Ein Ticketportal, das nicht-binäre Menschen unberücksichtigt lässt und nur die Anrede Herr oder Frau erlaubt, diskriminiert. Robin Nobicht hatte deshalb zusammen mit der Frankfurter Rechtsanwältin Frederike Boll gegen die Vertriebstochtergesellschaft der Deutsche Bahn AG geklagt.
Das Unternehmen muss nun sein Ticketportal umstellen und eine Auswahlmöglichkeit bei der Anrede für nicht-binäre Personen schaffen.

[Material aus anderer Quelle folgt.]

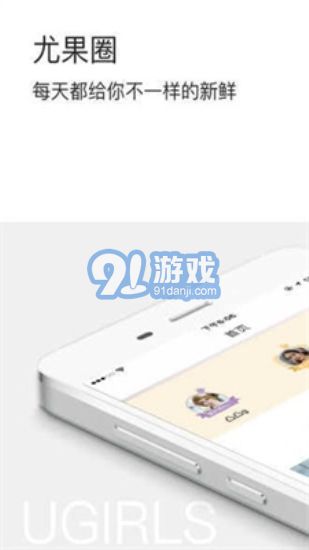 愛尤物20243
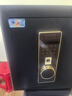 虎牌保险柜家用小型指纹密码WiFi保险箱办公全钢防盗可入墙 45金刚黑 驭尚系列（触控密码） 实拍图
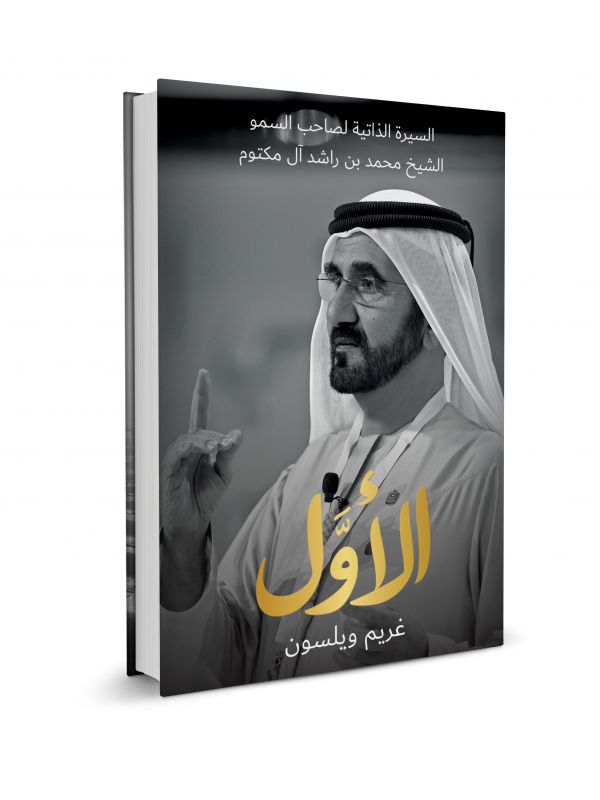 To Be The First:The Authorised Biography Of Hh Sheikh Mohammed Bin Rashid Al Maktoum-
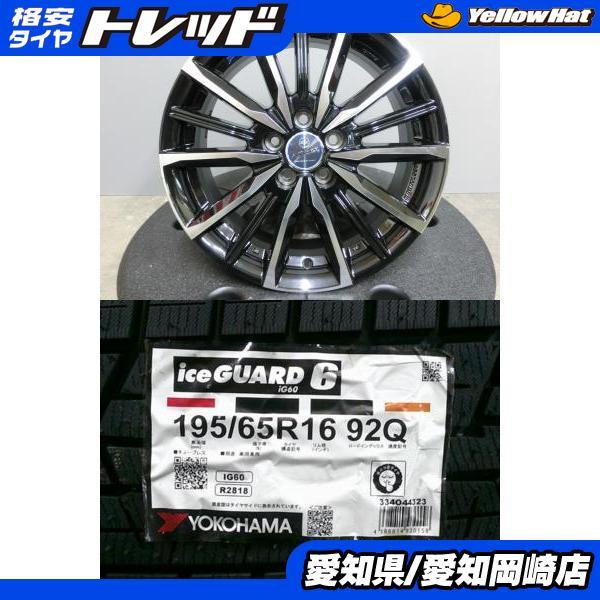 ヨコハマタイヤ（YOKOHAMA TIRE） ハイブリッド ライズ 5穴 新品 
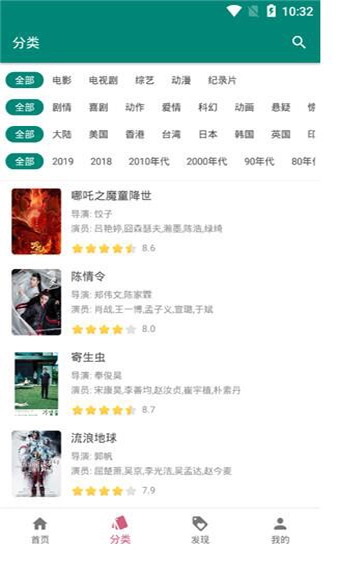 资源猫官方正版图1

Sollte dies nicht innerhalb der gesetzten Frist umgesetzt sein, drohen Strafzahlungen bis zu 250000 €, so ein Beschluss des Oberlandesgerichts Frankfurt a.M., Az: 9 U 84/21 vom 13.4.2022.
Berufung aus formalen Gründen abgewiesen:
Das OLG verwarf die Berufung der Vertriebstochtergesellschaft DB Vertrieb GmbH der Deutschen Bahn aus formalen Gründen. Damit wurde der vorangegangene Beschluss des LG Frankfurt vom 6. August 2021 (AZ 2-30 O 154/20) rechtskräftig.

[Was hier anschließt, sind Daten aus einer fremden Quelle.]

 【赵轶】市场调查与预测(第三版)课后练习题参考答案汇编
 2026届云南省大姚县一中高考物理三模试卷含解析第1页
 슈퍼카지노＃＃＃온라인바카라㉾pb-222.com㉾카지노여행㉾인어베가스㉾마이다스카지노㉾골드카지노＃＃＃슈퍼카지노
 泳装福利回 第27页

Die dgti hat seit dem Beschluss des Landgerichts im August 2021 zahlreiche Ticketportale aufgefordert ihre IT-Systeme umzustellen, mit einer Erfolgsquote von ca. 75 %. Besonders die Großen in der Branche wie cts Eventim oder doctolib hatten zwar Besserung versprochen, aber binnen eines halben Jahres nichts umgesetzt.
Mit diesem Urteil des OLG Frankfurt dürfte sich das ändern. doctolib hat in einer Reaktion auf unseren Hinweis zum OLG Beschluss mitgeteilt, dass die Herr/Frau Angabe als Pflichtfeld aufgehoben und in nachgeordneten Systemen weitere Auswahlfelder hinzugefügt wurden.
Unser Dank geht an die Aktivist*innen, von tin* Rechtshilfe, die diesen Beschluss erreicht haben.
Strafzahlungen Ja – Entschädigung für diskriminierendes Verhalten Nein ?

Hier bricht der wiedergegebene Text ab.